What's allowed where
| Jurisdiction | Default | Other options | Notes |
|---|---|---|---|
| US | FIFO | Specific ID, HIFO | Specific ID requires per-lot records and consistent application |
| UK | Section 104 pool (avg) | 30-day rule + same-day rule | Not lot-based; cost basis is the running average across the “pool” |
| Canada | Adjusted Cost Base (ACB) | Identical-property rule | Running average; no specific ID |
| Germany | FIFO | None | 1-year holding qualifies for tax-free disposal |
| France | Weighted average | None | 30% flat tax (PFU) on realised gains |
| Australia | FIFO or specific ID | HIFO permitted | 50% CGT discount for holdings > 12 months |
| Singapore | N/A | N/A | No capital gains tax for individuals |
Worked example: HIFO vs FIFO during a bull cycle
Buy history: 1 BTC at $20k (year 1), 1 BTC at $40k (year 2), 1 BTC at $60k (year 3). Sell 1 BTC at $90k in year 3.
- FIFO: $90k − $20k = $70k gain. Long-term (3 years), US LT rate ~15 %, tax = $10,500.
- HIFO: $90k − $60k = $30k gain. Short-term (held < 1 year on the $60k lot), US ST rate ~24 %, tax = $7,200.

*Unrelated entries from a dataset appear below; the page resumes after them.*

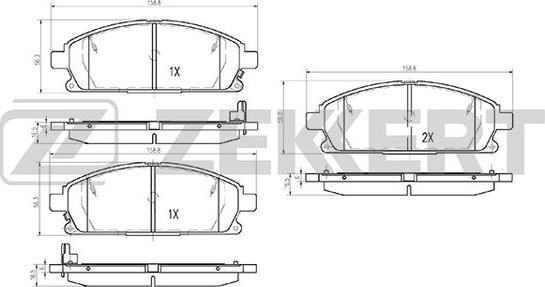 Zekkert BS-2316 - Тормозные колодки, дисковые, комплект autospares.lv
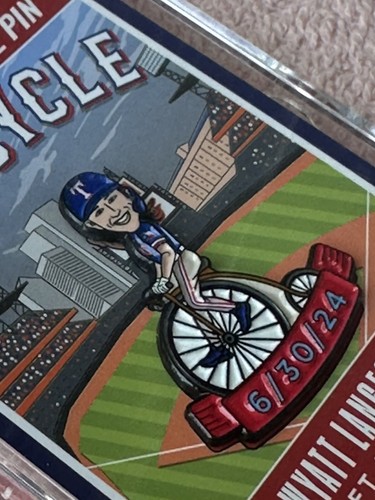 2025 Texas Rangers Wyatt Langford Cycle Pin Theme Night 5/12/25 - Picture 7 of 7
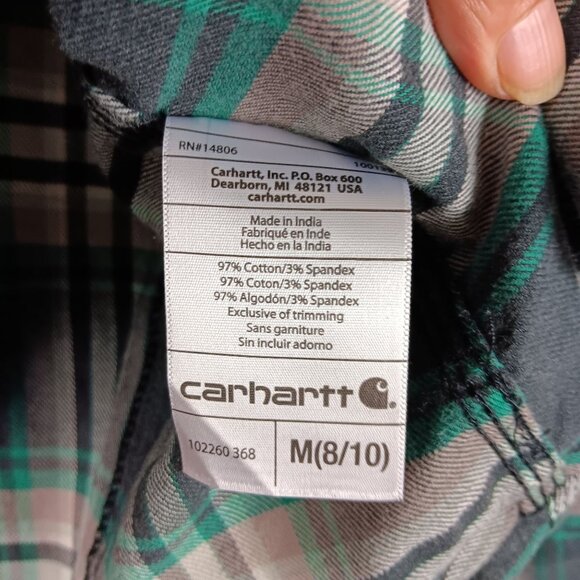 Carhartt Womens Med Hamilton Flannel Plaid Button Up Long Sleeve Shirt Cabincore - Picture 3 of 5
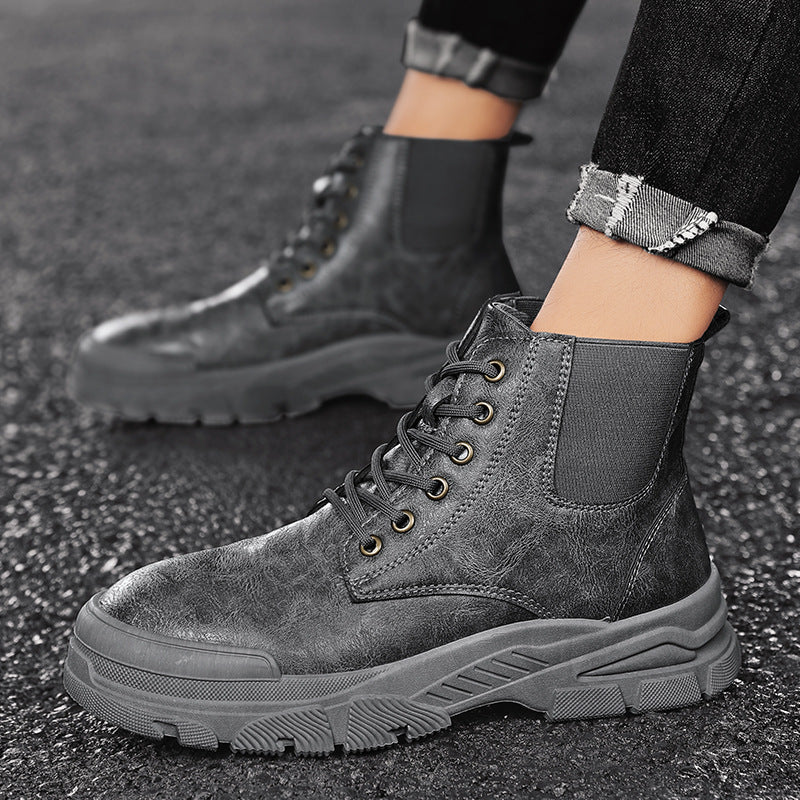Black Casual Men's Martin Boots in Solid Color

HIFO produces the lower tax bill in this case but at the cost of disposing of the more recent lots first — which leaves the older, lower-cost lots in inventory for future sales (where the gain would be larger). The net cumulative tax over the full cycle is approximately equal across methods; the difference is timing.
Implementation reality
Specific identification on a busy DeFi-trading wallet is essentially impossible to do manually. Most retail traders end up using FIFO by default because that's what their tax software supports without complex configuration. CoinTracker, Koinly, and TaxBit all support FIFO, HIFO, and (with manual lot tagging) specific ID.
The calculator on this site does not implement cost-basis matching; it computes a single trade in isolation. For multi-lot tax reporting you need full transaction history and dedicated software.